Suggested Bibliographic Reference: Challenging New Frontiers in the Global Seafood Sector: Proceedings of the Eighteenth Biennial Conference of the International Institute of Fisheries Economics and Trade, July 11-15, 2016. Compiled by Stefani J. Evers and Ann L. Shriver. International Institute of Fisheries Economics and Trade (IIFET), Corvallis, 2016.
Proceedings of the Eighteenth Biennial Conference of the International Institute of Fisheries Economics and Trade, held July 11-15, 2016 at Aberdeen Exhibition and Conference Center (AECC), Aberdeen, Scotland, UK.

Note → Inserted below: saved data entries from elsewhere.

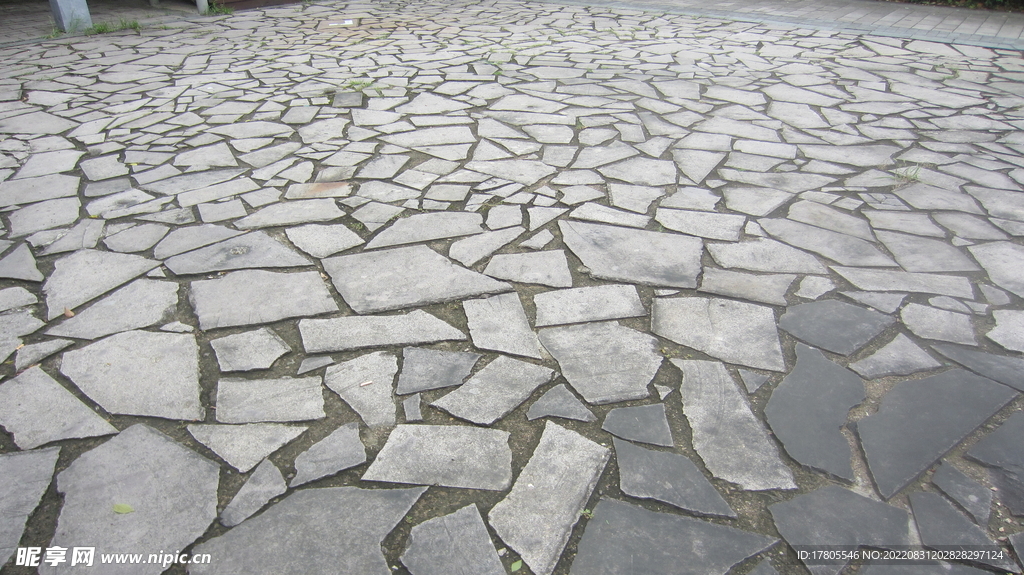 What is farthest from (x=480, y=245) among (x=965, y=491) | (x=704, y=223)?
(x=965, y=491)

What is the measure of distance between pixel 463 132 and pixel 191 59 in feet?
13.3

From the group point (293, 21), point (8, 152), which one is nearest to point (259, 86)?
point (8, 152)

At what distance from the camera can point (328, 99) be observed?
18.7ft

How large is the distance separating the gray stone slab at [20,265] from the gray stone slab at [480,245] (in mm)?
1909

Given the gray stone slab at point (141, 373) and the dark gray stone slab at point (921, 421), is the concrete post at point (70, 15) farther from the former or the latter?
the dark gray stone slab at point (921, 421)

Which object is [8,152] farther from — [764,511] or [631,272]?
[764,511]

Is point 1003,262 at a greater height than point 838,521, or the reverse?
point 1003,262

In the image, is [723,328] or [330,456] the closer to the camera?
[330,456]

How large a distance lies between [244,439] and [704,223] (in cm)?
250

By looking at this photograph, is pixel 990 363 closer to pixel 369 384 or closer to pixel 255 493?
pixel 369 384

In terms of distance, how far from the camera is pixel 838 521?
6.07 feet

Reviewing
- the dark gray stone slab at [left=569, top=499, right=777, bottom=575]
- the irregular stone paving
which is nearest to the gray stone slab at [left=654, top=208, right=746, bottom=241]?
the irregular stone paving

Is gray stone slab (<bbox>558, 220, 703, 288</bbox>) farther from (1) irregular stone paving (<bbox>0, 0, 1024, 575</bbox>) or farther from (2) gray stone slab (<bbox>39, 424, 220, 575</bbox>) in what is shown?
(2) gray stone slab (<bbox>39, 424, 220, 575</bbox>)

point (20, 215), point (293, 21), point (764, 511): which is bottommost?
point (764, 511)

Each year, over 20,000 metric tons of tuna are supplied to the Japanese market, of which 40% are caught by domestic vessels. Although the Japanese tuna market is large, little is known about the supply chain and the Japanese tuna fisheries’ behaviors. In this study, we investigate how Bluefin tuna are caught in Japanese EEZs and brought to consumers. To do this, we use the reported landings data, central wholesale market data, and conduct interviews. To represent the qualitative information gathered via the interviews and to complement the quantitative analysis, we develop a model of migrating fish stocks with multiple fishing entities. We identify that Bluefin tunas are caught mainly by pole-and-line, purse-seine, set-net, and long-line fishermen in 22 prefectures at 36 ports. Region and gear-based fishing cooperative associations manage fishing activities, and each group differs in its management goals and strategies. In recent years, this has led to conflicts among Bluefin tuna fishermen who target tunas that spawn in the Sea of Japan. Though the formal scientific evidence is incomplete, some groups of fishermen blame the decline in their catch on the purse-seiners for catching too many young tunas, hence causing a decline in domestic tuna stocks. The nature of the problem stems from a lack of consensus among fishermen on the science related to tuna stock management. Furthermore, our preliminary findings indicate that an introduction of Bluefin tuna aquaculture creates a market for live infant Bluefin, which reshapes domestic Bluefin tuna fisheries and their markets.